Lilian Thuram, also a 1998 World Cup winner and an anti-racism campaigner, said the persistence of overt racism in soccer would never be accepted in U.S. sports. He welcomed the swiftness and decisiveness of the NBA decision.
“For 30 years, black players in Europe have had bananas thrown at them,” Thuram, who is black, told the AP. “If that happened in the United States, it would stop immediately, because the response would be strong.
“If we want to get rid of that from football stadiums, we need strong decisions.”
FIFA and UEFA have toughened sanctions for discrimination in the past year and prosecuted cases more quickly.
A turning point came in January 2013 when Kevin-Prince Boateng, then playing for AC Milan, led teammates off the field to protest racist insults during an exhibition against a fourth-tier Italian side.
FIFA and UEFA have ordered national and club teams to play matches in empty or partly closed stadiums as punishment for racial abuse, but no World Cup or Champions League team has had points deducted or forfeited a match.
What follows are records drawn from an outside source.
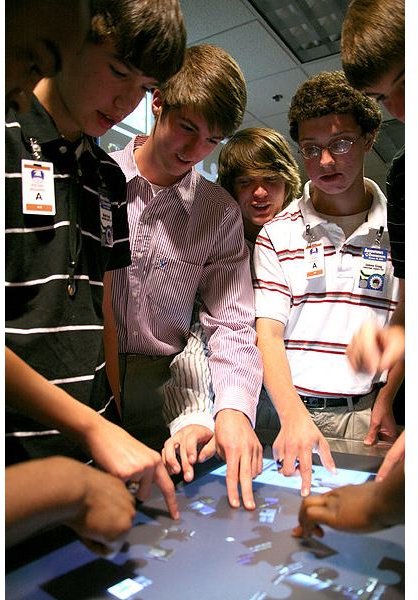 400px-US Army 52288 Trey McMeans (second from the left) from Clements High School tests the Virtual Sandbox table-top display with fellow classmates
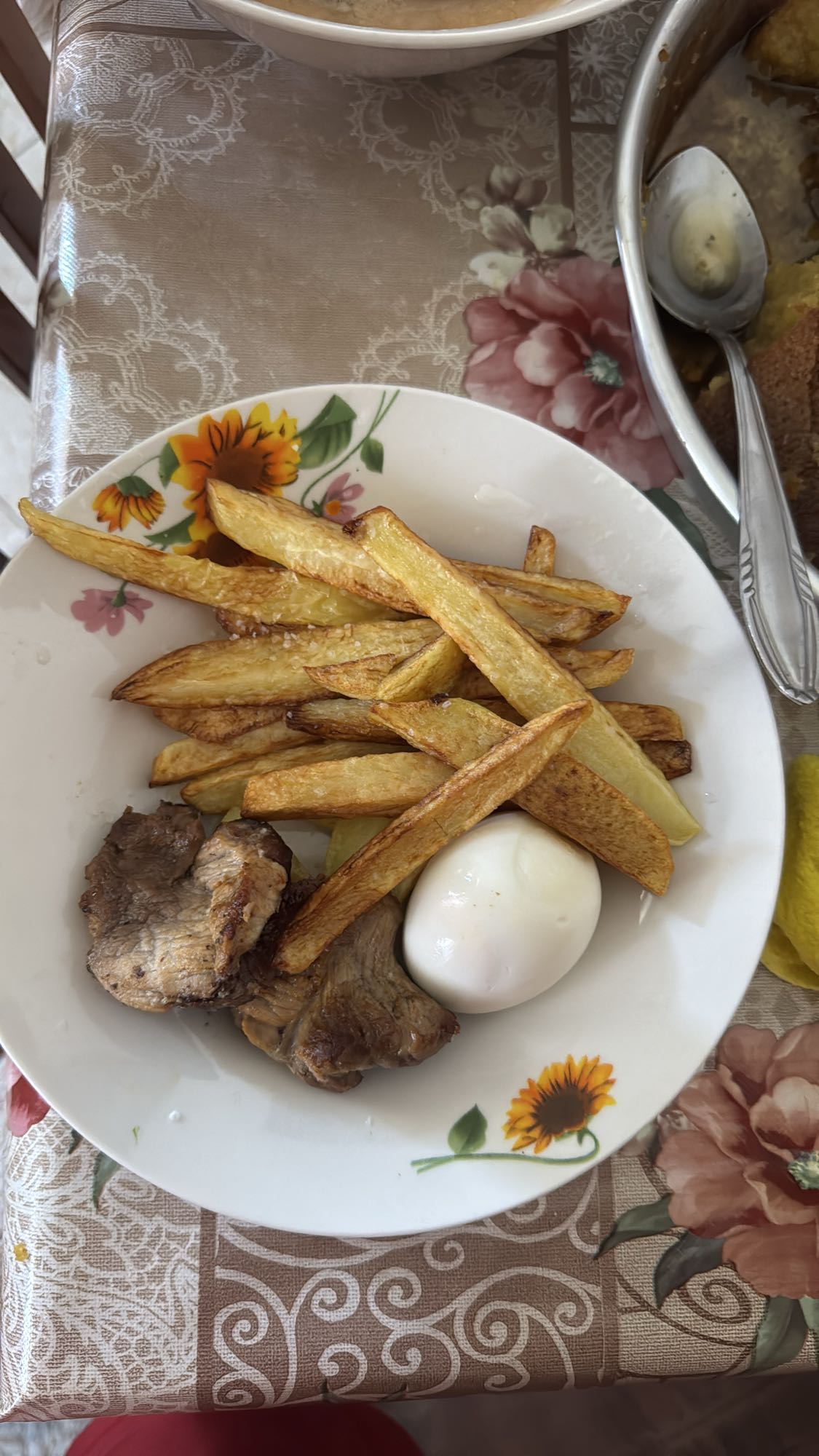 Meat, fries and egg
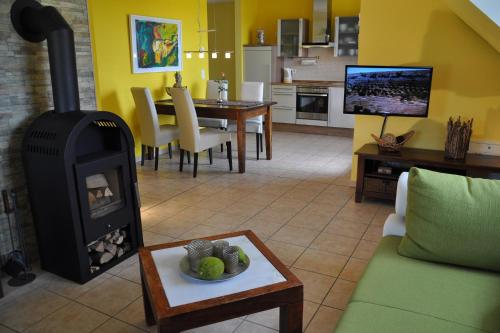 a living room with a wood stove in a room at Fair-Play App 04 DG R in Göhren-Lebbin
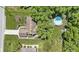 Aerial view showcases the home's backyard pool, lush landscaping, and well-maintained yard at 272 N Peterman Rd, Greenwood, IN 46142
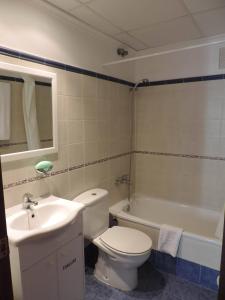 a bathroom with a toilet and a sink and a tub at Hotel Costa San Antonio in Cullera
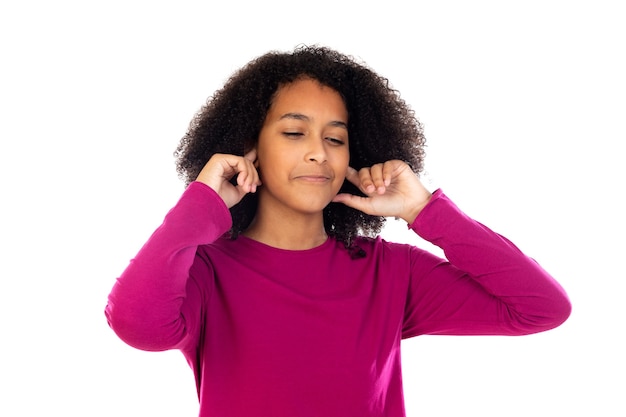 Portait of a teenage with afro hair isolated on a white wall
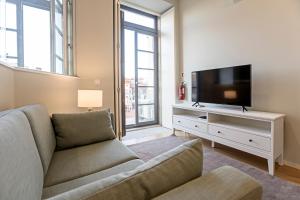 een woonkamer met een bank en een flatscreen-tv bij 31 Janeiro 157 - Delightful 1BR Flat w/ AC & Balcony by LovelyStay in Porto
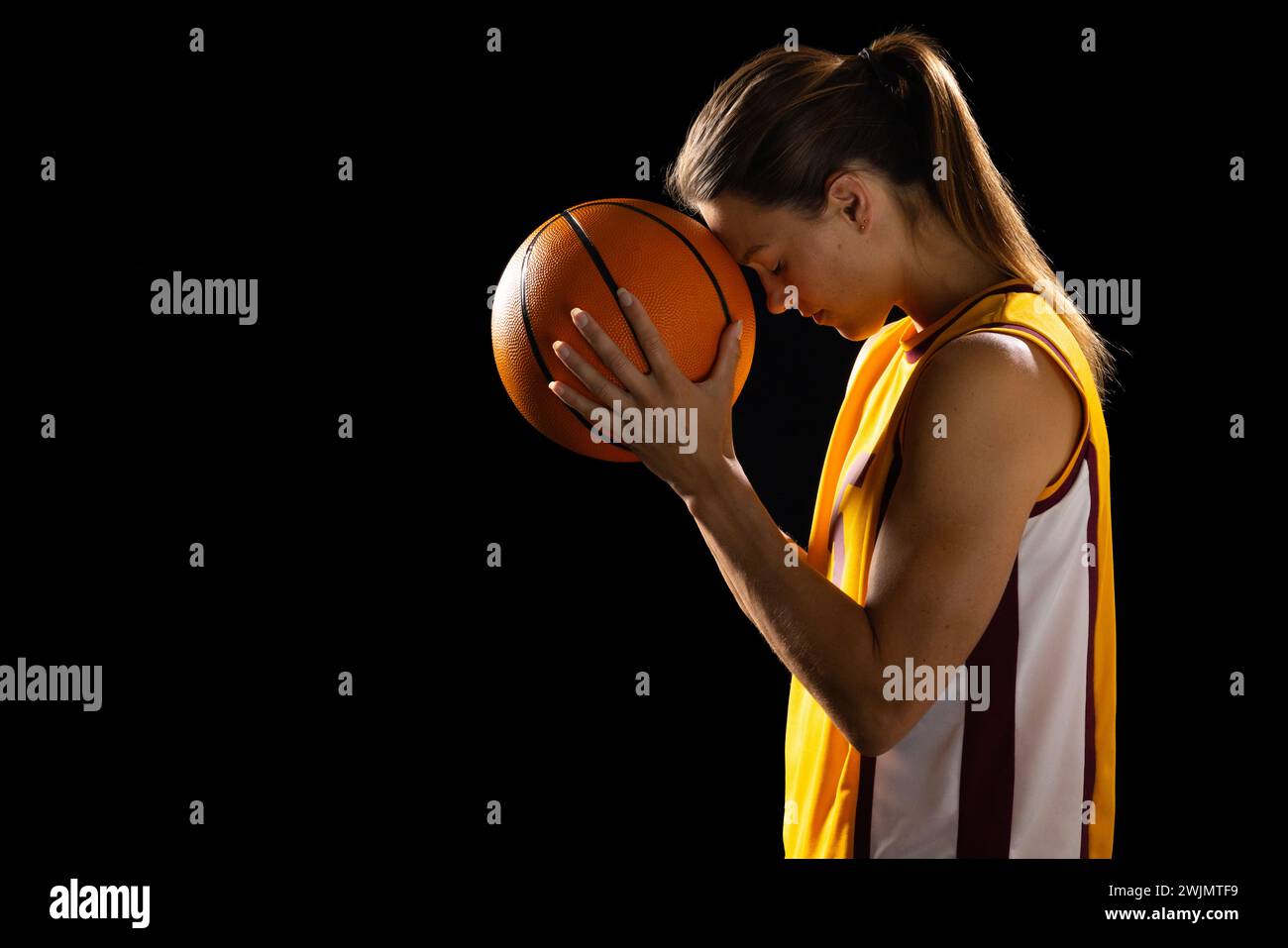 Young female basketball player shows intense focus in studio photo. Stock Photo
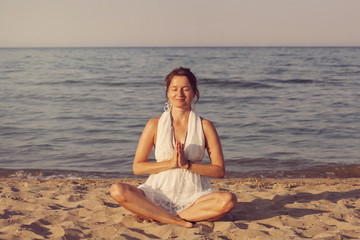 Fototapeta na wymiar Young woman meditating by the seashore in sunset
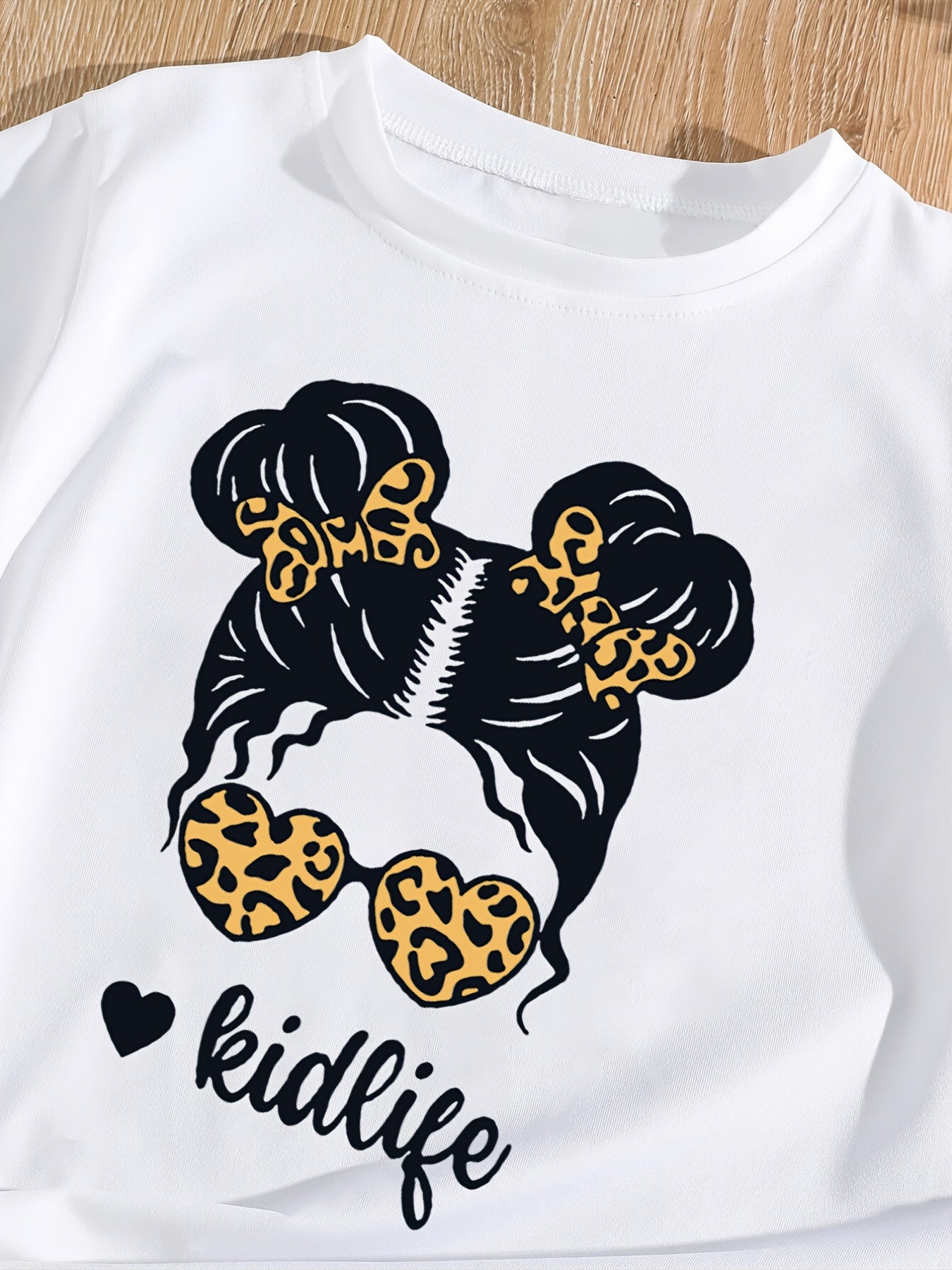 Cute Graphic Tee Top for Girls - A Fun and Comfortable Summer Outfit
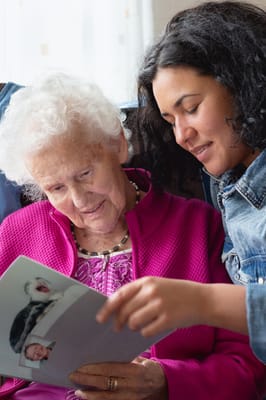 Resident looking at a photo album with a staff member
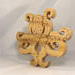 A handcrafted octopus puzzle made from wood. The puzzle is freestanding and can comfortably sit on a shelf, table, window sill, or door frame.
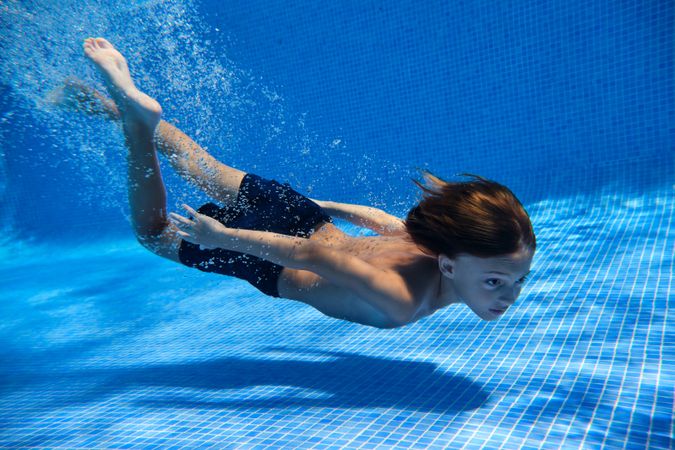 Kid in swimsuit diving into pool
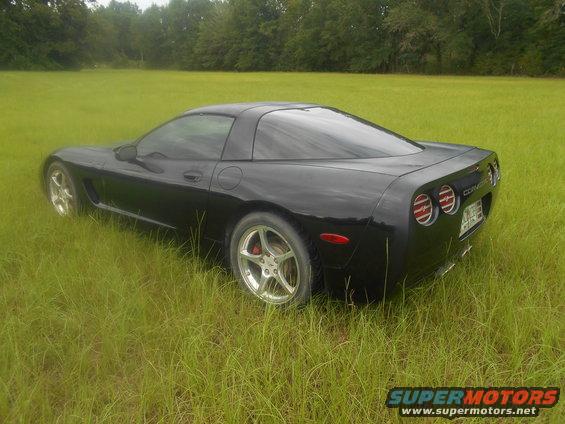 Black Chevrolet Corvette C5 parked in a grassy field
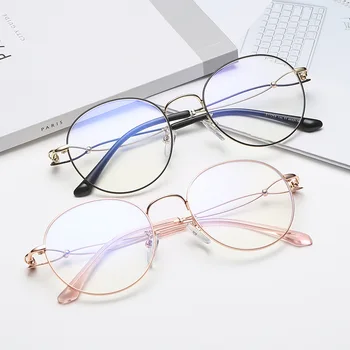 

Retro metal glasses frame Two-color foot silk design literary round frame glasses frame Trendy women's decorative flat mirror.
UEFA fined the national federations of Croatia, Russia and Spain thousands of dollars for various incidents, including monkey noises directed at Italy forward Mario Balotelli and Czech Republic defender Theodor Gebre Selassie.
Among the most severe judgments, FIFA banned Croatia defender Josip Simunic for 10 matches – including the 2014 World Cup – for leading fans in chanting a Nazi-era nationalist slogan after a playoff victory against Iceland last November. Simunic has appealed to the Court of Arbitration for Sport.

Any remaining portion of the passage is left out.